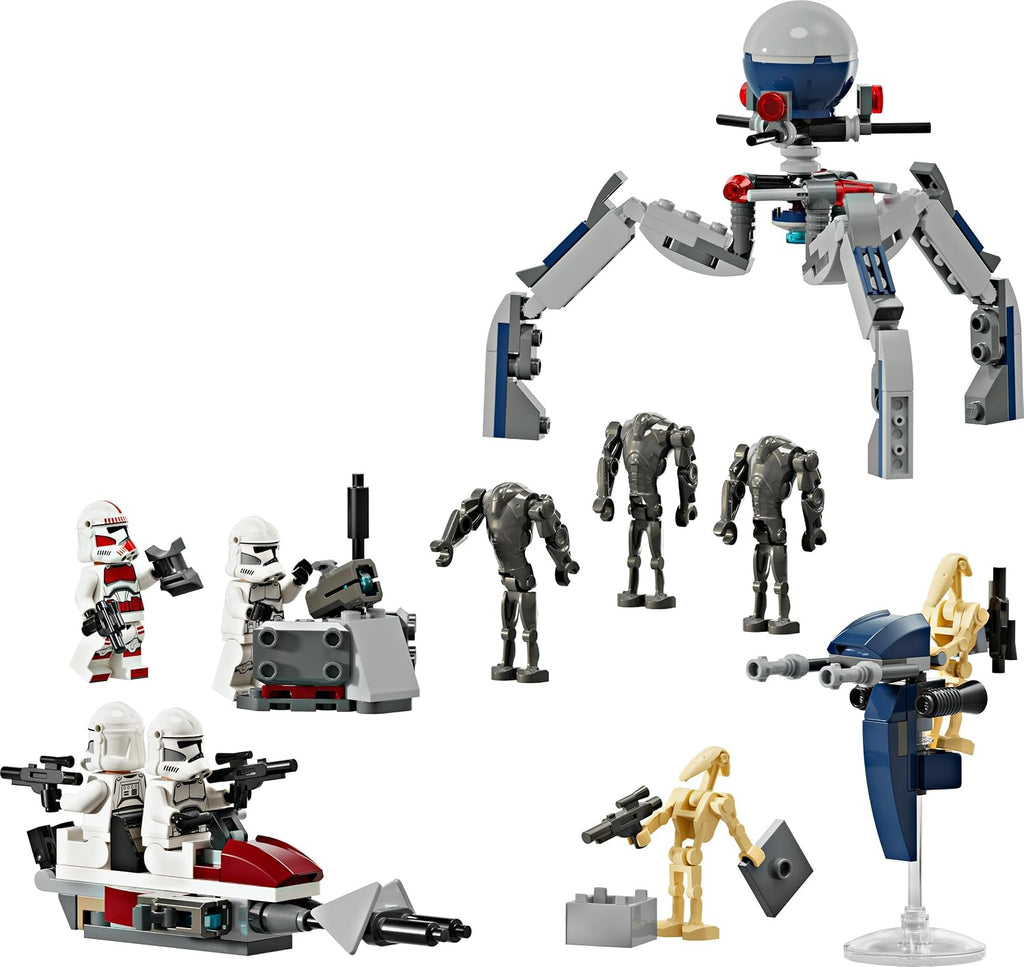 LEGO Star Wars 75372 Clone Trooper & Battle Droid Battle Pack, inkl. 4 Minifiguren, 5 Droiden und Speeder Bike mit Shooter - Bauspielzeug für Jungen und Mädchen ab 7 Jahren
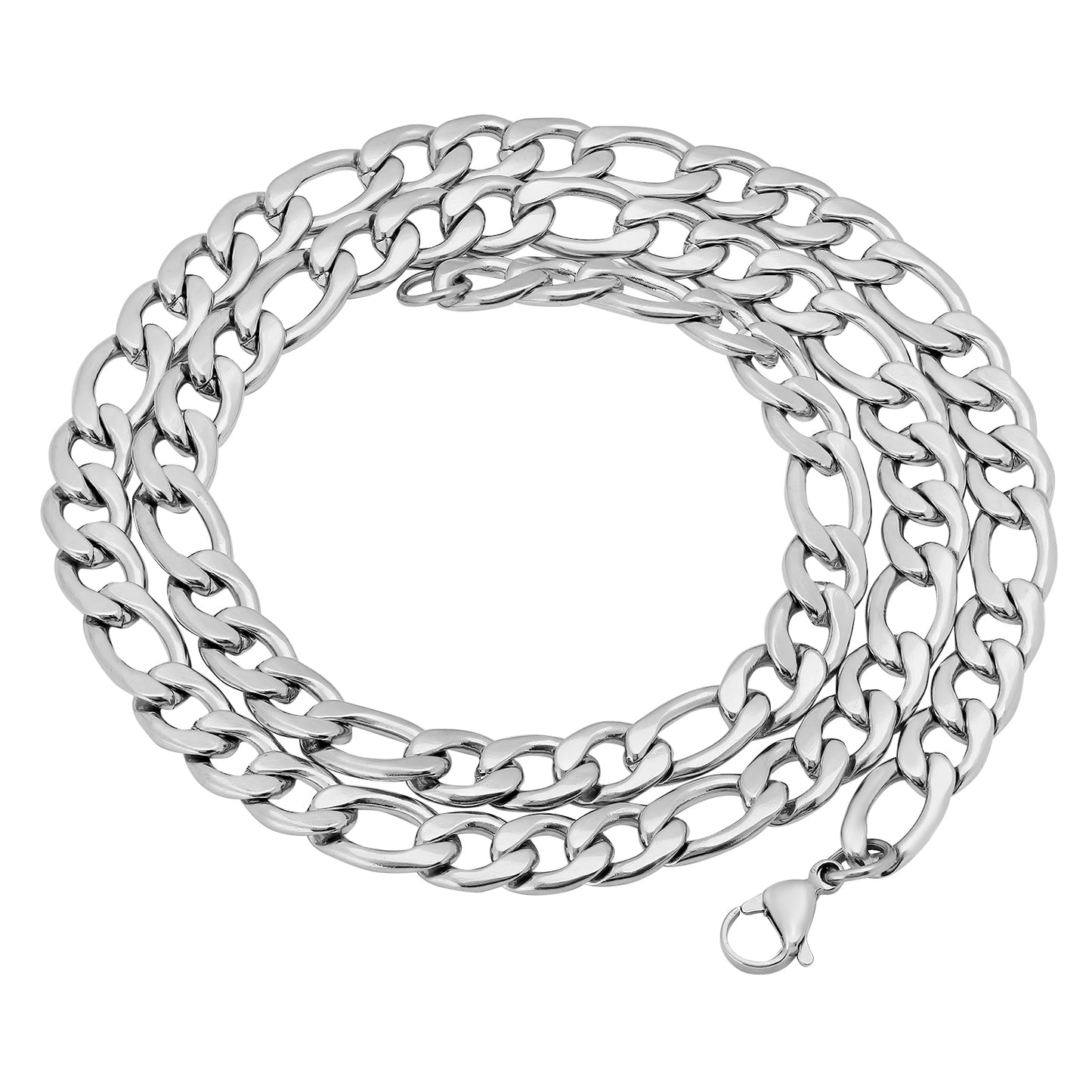 8.5mm High-Polished Stainless Steel Flat Figaro Chain Necklace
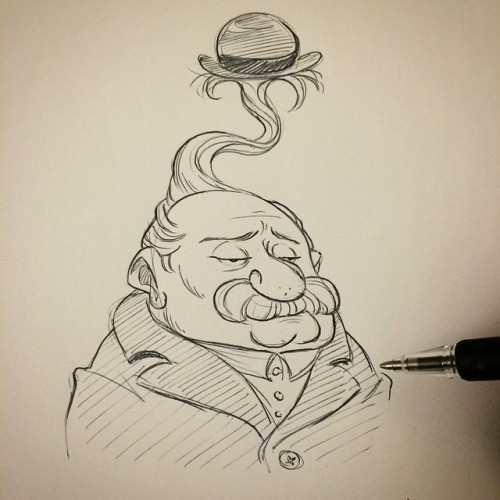 Mr. Bubbins and his hair #sketch #sketchbook #doodle #ink #oldmanhair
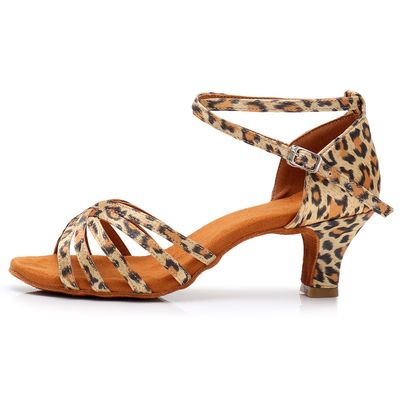 SWDZM Women's Latin Dance Shoes Satin Ballroom Salsa Performence Practice Dance Shoes,Heel-5CM,EM213 Leopard 5.5 US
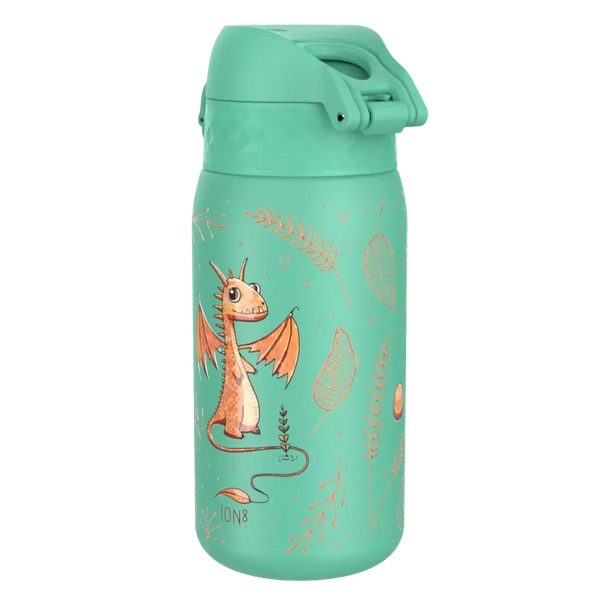 ION8 Zielona butelka na wodę ze stali nierdzewnej w smoki 400 ml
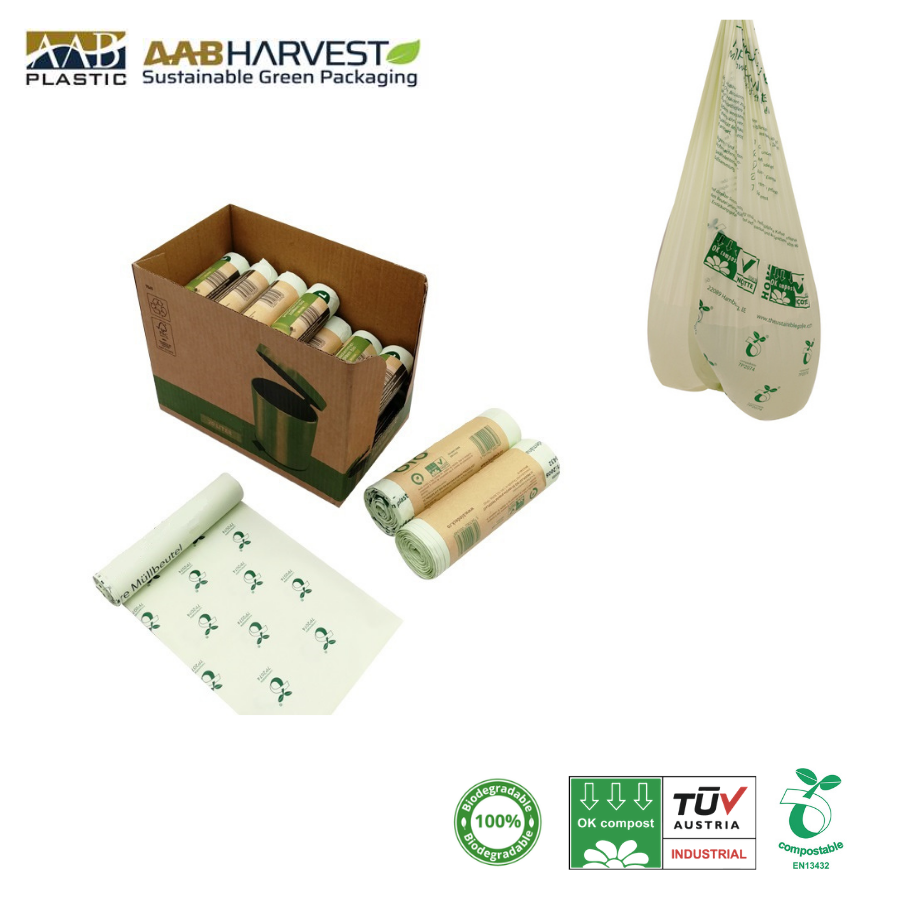 Biodegradable bag made from cornstarch PLA,BAT compostable bag shopping bag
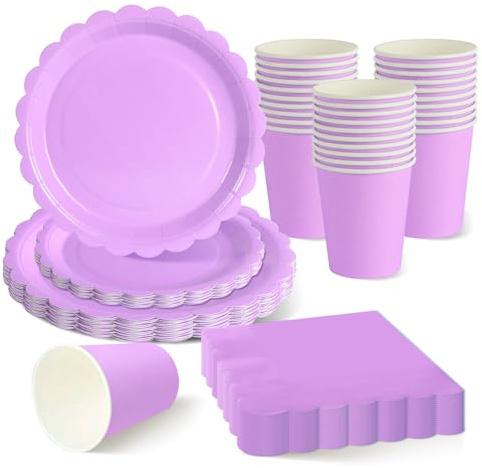 ZblPyro 120pcs Lilac Party Plates Cups and Napkins for 30 Guests | 7-inch & 9-inch scalloped plates, cups, napkins, baby shower for girl, spring wedding, christening
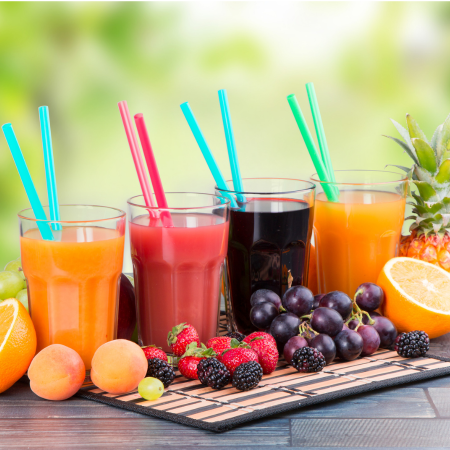 Glasses of juice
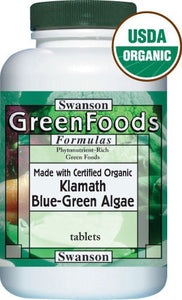 Swanson GreenFoods Formulas Certified Organic Klamath Blue-Green Algae 500mg 90 Tablets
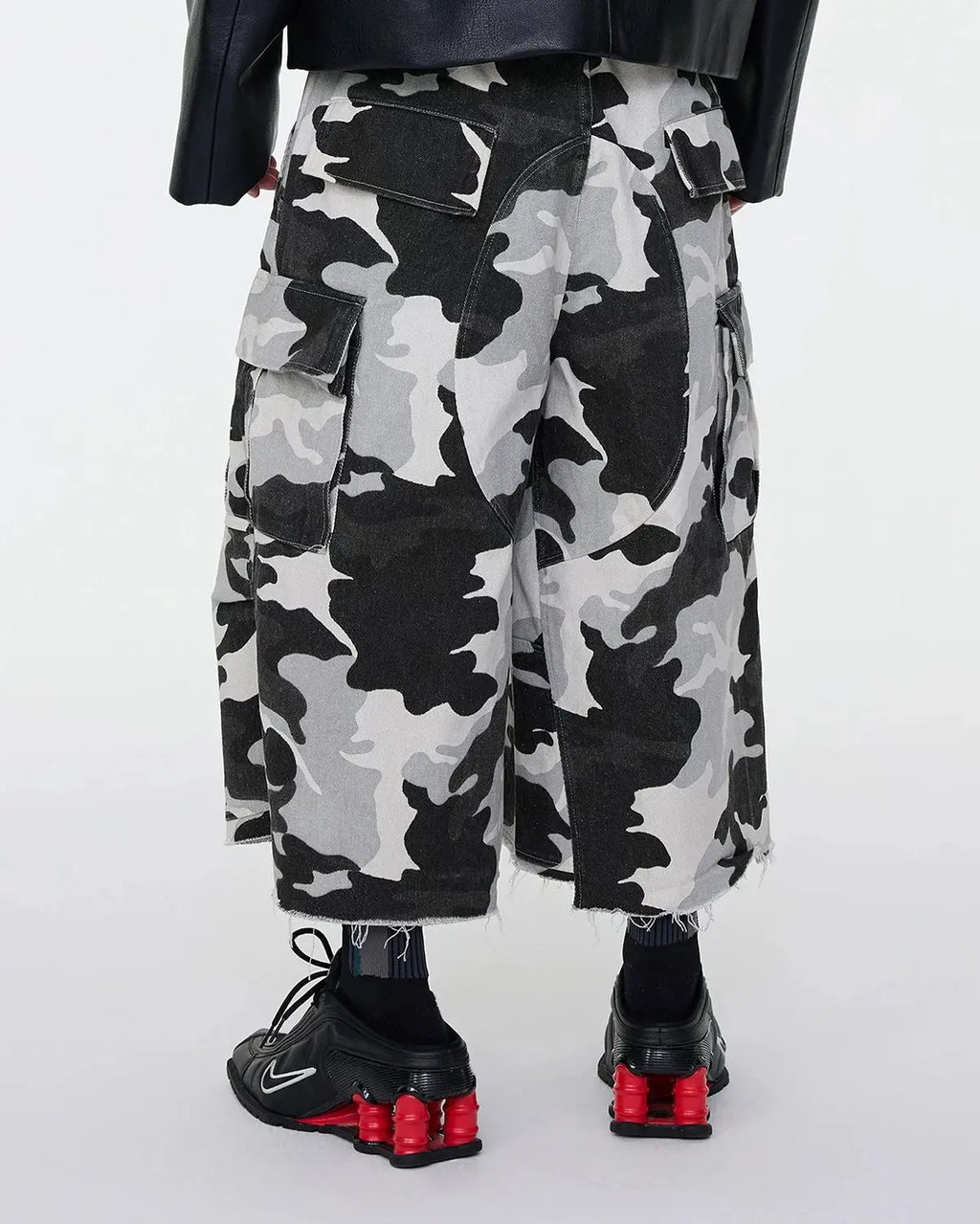 Glitter Camo Cargo Longline Shorts | Inflation Streetwear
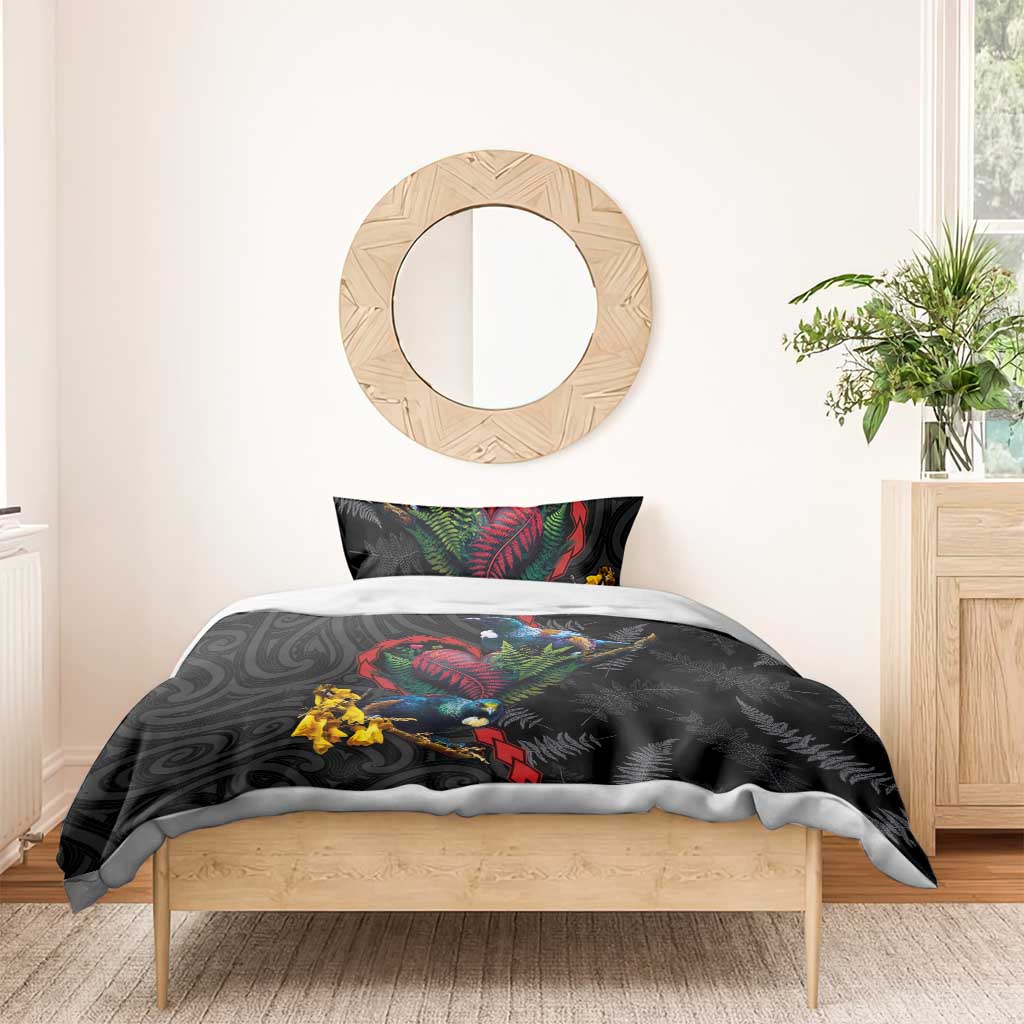 New Zealand Tui Birds Love Couple Bedding Set The Heart of Silver Fern Leaves and Maori Tattoo Pattern LT03 - Polynesian Pride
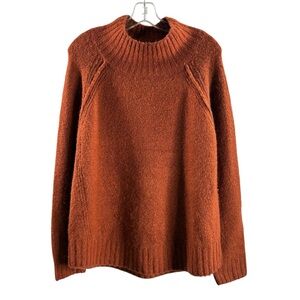 JONES RUST LONG SLEEVE MOCK TURTLENECK ACRYLIC BLEND SWEATER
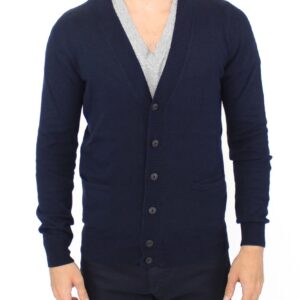 Chic Blue Wool Blend Cardigan Sweater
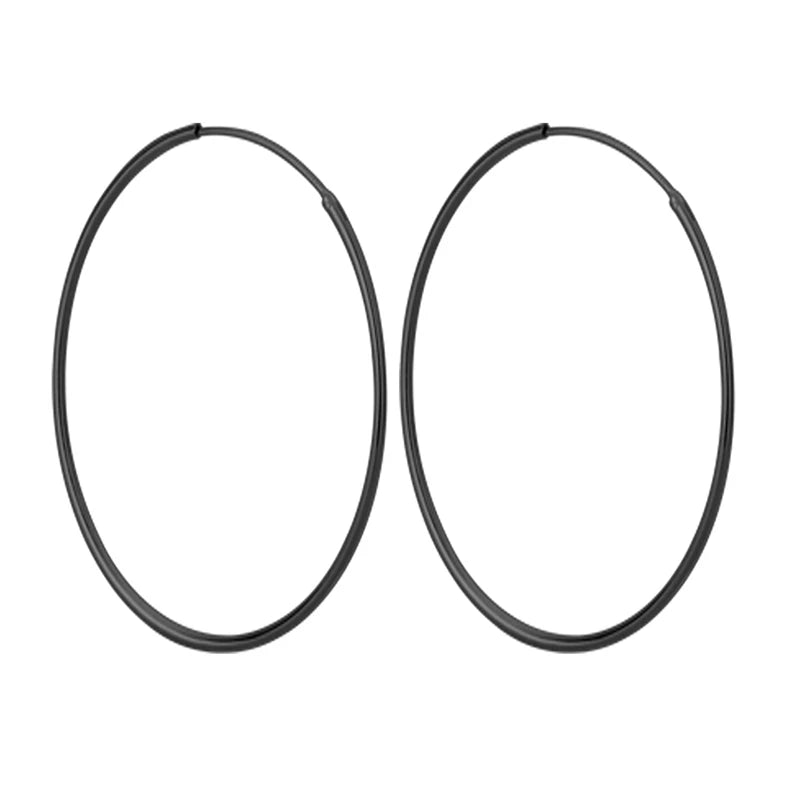 Real 925 Sterling Silver 1.2/1.5mm Wire Diameter Large Round Hoop Earrings for Women Classic Fine Jewelry Minimalist Accessories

Task prompt:
Set down the entries shown above once more, exactly as they read, but without pictures.

Answer area:
 LEGO Star Wars 75372 Clone Trooper & Battle Droid Battle Pack, inkl. 4 Minifiguren, 5 Droiden und Speeder Bike mit Shooter - Bauspielzeug für Jungen und Mädchen ab 7 Jahren
 8.5mm High-Polished Stainless Steel Flat Figaro Chain Necklace
 Mr. Bubbins and his hair #sketch #sketchbook #doodle #ink #oldmanhair
 SWDZM Women's Latin Dance Shoes Satin Ballroom Salsa Performence Practice Dance Shoes,Heel-5CM,EM213 Leopard 5.5 US
 ION8 Zielona butelka na wodę ze stali nierdzewnej w smoki 400 ml
 Biodegradable bag made from cornstarch PLA,BAT compostable bag shopping bag
 ZblPyro 120pcs Lilac Party Plates Cups and Napkins for 30 Guests | 7-inch & 9-inch scalloped plates, cups, napkins, baby shower for girl, spring wedding, christening
 Glasses of juice
 Swanson GreenFoods Formulas Certified Organic Klamath Blue-Green Algae 500mg 90 Tablets
 Glitter Camo Cargo Longline Shorts | Inflation Streetwear
 New Zealand Tui Birds Love Couple Bedding Set The Heart of Silver Fern Leaves and Maori Tattoo Pattern LT03 - Polynesian Pride
 JONES RUST LONG SLEEVE MOCK TURTLENECK ACRYLIC BLEND SWEATER
 Chic Blue Wool Blend Cardigan Sweater
 Real 925 Sterling Silver 1.2/1.5mm Wire Diameter Large Round Hoop Earrings for Women Classic Fine Jewelry Minimalist Accessories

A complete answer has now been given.